Income from royalty or Fees for technical services (FTS)

  • In case of payment towards royalty or FTS, a question which would arise is whether the SEP provisions would be applicable given its wide coverage. In this connection, it is imperative to note that there are specific provisions under the Act (i.e. clause (vi) and (vii) of section 9) to deal with specific case of royalty or FTS. Thus, in view of various precedents such as CIT vs. Copes Vulcan Inc. (1987) (167 ITR 884) (Bom), wherein it is held that specific would prevail over general, such specific provisions dealing with royalty / FTS under the law shall apply and the SEP provisions shall take a back seat.

Tax return filing compliances

  • Another issue that has arisen on the introduction of SEP provisions, is the significant compliances that need to be followed. In the income-tax return (ITR-6), non-residents are required to disclose whether they have SEP in India. In case SEP exists, non-residents are also required to disclose quantum of payment made / number of users as per Explanation 2A. In case non-resident is claiming treaty benefits to escape virtual PE created because of SEP, the non-resident is required to disclose details of the same in Schedule Exempt Income (EI). However, one may take a stand that owing to beneficial provisions of DTAA, if no income is chargeable to tax in India, reporting requirement may not arise since the requirements are based on machinery provisions.

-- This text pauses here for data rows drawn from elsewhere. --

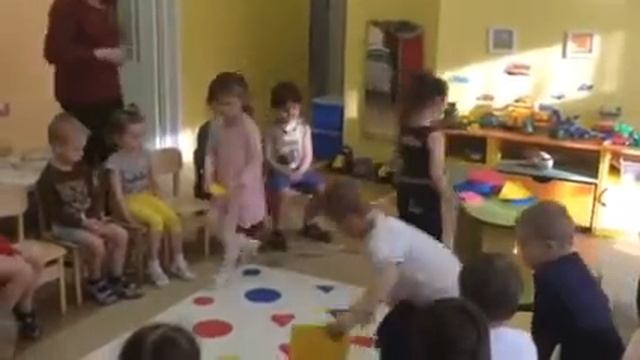 VAY TOY в детском саду. смотреть онлайн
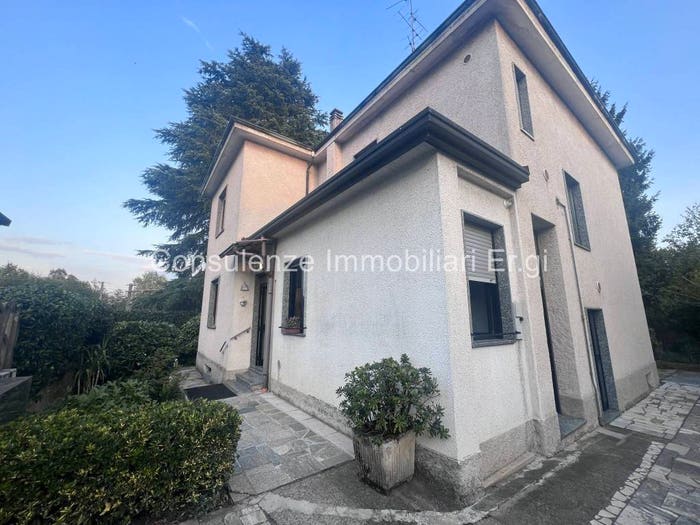 Casa con 6 locali in vendita in Via Antonio Stoppani, Centro, Garbagnate Milanese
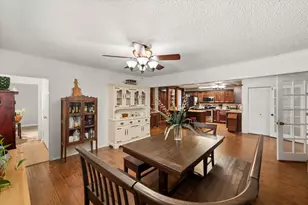 502 Bellevue Dr, Cleburne, TX 76033 - Photo 10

Thus, each non-resident would have to weigh the pros and cons before deciding the requirement of filing tax return in India.
  • Conclusion

Judicially, the SEP provisions have not been analysed to a large extent, mainly because of beneficial treaty provisions which prevent its application.

Various ambiguities remain over the provisions such as, whether the provisions cover non-digital transactions, rules regarding attribution of profits, the enforcement of thresholds, whether a taxpayer can obtain relief by submitting a declaration for non-applicability of the provisions, etc.

However, these provisions can be of greater significance in the future if tax treaties are amended or MLI provisions are introduced for creating a virtual PE.

In order to resolve ambiguities regarding the scope and applicability of SEP provisions and the related compliances, it is imperative that CBDT provide sufficient clarifications for the same.